We don’t have to tell you how important it is to have a solid understanding of your finances, but it’s also super important to pass that knowledge on to your kids. Finance expert, David Lester, shares five ways to help raise financially savvy kids.
Build a safety net
You need 3-6 months of money in a high interest savings account for emergencies. Don’t dip into it unless you absolutely need to, and don’t even connect it to your debit card. Knowing you have money saved will be a huge relief, and it’s a great lesson for your kids.
Contribute to your child’s RESPs early
The government gives you a bonus when you put money into an RESP, so take advantage of it. Start when your child is born and even if you only put away $50 per paycheque, you’ll have around $50,000 when your kid goes to post-secondary school. Take your kids to the yearly meeting to review it and get them interested in their own money.
Talk about money with your kids
Keep the conversation open and positive. Give your kids a calculator and cash and let them shop for a week. Take them to the bank with you. This will build a very positive money belief system when they’re young.
Teach them how to invest and how the stock market works
This way, when they’re older, they won’t be scared of it and it will be something they understand.
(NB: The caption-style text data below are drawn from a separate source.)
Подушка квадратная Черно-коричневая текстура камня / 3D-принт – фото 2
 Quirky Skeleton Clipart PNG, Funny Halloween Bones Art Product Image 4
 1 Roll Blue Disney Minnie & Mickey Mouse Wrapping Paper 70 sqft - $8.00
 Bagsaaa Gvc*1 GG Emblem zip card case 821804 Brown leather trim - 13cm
Let them start by investing in companies they use and understand, like Disney, Mattel, and Apple. Even one share would be a cool birthday gift. They can watch it as the market goes up and down.
Use their birthday money and invest it for them
Put any baby bonus, Christmas money, or pocket money from grandma and grandpa away to build a “nest egg” for them. When they are older (i.e. in their twenties), give it to them to put towards a down payment on their first home.